The opening of the Chinese economy to international markets, as well as favouring the arrival of investment from abroad and encouraging external commerce, has profoundly transformed the country, causing it to make a notable leap forward in industrialisation. In the last twenty years, the Popular Republic of China has had a mean annual growth of 9%, and, according to the World Bank, by 2010 its economy could overtake that of America, becoming the largest in the World. If it is true that the rhythm of Chinese development has no equal in the developed world, it is necessary to make a brief examination of the reality to avoid falling into the trap of the propaganda of the international bourgeoisie which intends the transformation of China into the new Mecca of world capitalism. So as to avoid falling into the easy enthusiasm of bourgeois ideologues and put the Chinese economic boom in its proper place, it is necessary to start from the dimensions of the Chinese economy within the international context. Now, in 2001, the Chinese GNP was $1179.9mn, while those of the US and the European Union were almost ten times larger, exceeding $10bn in both the US and the euro area. Countries like China, which start with a very low level of production can much more easily achieve a notable growth in GNP, while obtaining similar rates is outside the grasp of countries where capitalism is mature. The historical experience of the last thirty years shows that the cyclical crisis which opened in the early '70's imposed on capitalism rhythms of growth much lower than those of the '50's and '60's, a period when the economic cycle was experiencing its ascendant phase. If we instead consider the pro capita revenue we can easily understand from what low level China is at with respect to countries like Japan, the USA and Germany. If we divide the Chinese GNP by a population of 1.3bn we obtain a very low pro capita figure which does not stand comparison with even the poorest European country. Because of this, the projections of the World Bank make no difference, as they do not take account of the differing productive bases from which China and the USA start.

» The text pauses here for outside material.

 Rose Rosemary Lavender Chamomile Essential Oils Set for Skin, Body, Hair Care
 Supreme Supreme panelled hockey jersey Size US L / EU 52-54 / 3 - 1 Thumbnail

Privatisation of the economy and growth in unemployment

Since Deng's time and the market socialism formula, one of the objectives of the Chinese regime is that of launching a radical privatisation of the economy. Such a process is linked to the opening of the Chinese economy to the rest of the world and to the consequent influx of foreign capital. Despite the passage to free-market socialism the reform of state concerns is finding it hard to take off because of the social difficulties that such a project causes. Some facts may help us to understand the problem. The latest figures, referring to 2001, tell us that in China, twenty years after the first privatisation was launched, there are still a good 118 000 state enterprises, the majority of which operate at a loss and at a level of competitivity lower than that of non-state enterprises and of those which take advantage of foreign investment. The state firms taken as a whole produce a third of the GNP, while they absorb more than two thirds of Chinese labour-power. If we consider only the industrial sector, we see that state enterprises produce 27% of the national industrial product, while they employ 70% of the workers in the sector. (4) Given the low competivity of state enterprises, the government has estimated that the re-structuring of the industrial apparatus would make more than a third of the workers employed in these enterprises superfluous. The accumulated losses of state enterprises have increased exponentially over recent years, going from 55bn yuan in 1985 to 541bn in 1995; in the same period their contribution to industrial production has halved, descending from 70% in 1985 to 35% in 1995.

A crisis which will have a very great impact on employment. If the much-feared reorganisation of state enterprises were to come to pass, we would witness an explosion of mass unemployment of Biblical proportions. The full restructuring programme would bring with it tens of millions of workers abandoned to their own devices. According to official data, the unemployment rate in urban areas in 2001 was 3%, while it is more realistic to talk of an unemployment level reaching 20%, to which it is necessary to add 30mn youth who appear on the labour market each year. In 1999 alone, 6.1mn workers were made redundant from state enterprises, and, in the coming years, another 12mn are to lose their own occupation. In China, unemployment means absolute poverty, seeing as there are none of the social buffers which in Europe, despite the continual cuts in the social state, partly attenuate, for a few months, the discomfort of finding oneself without work.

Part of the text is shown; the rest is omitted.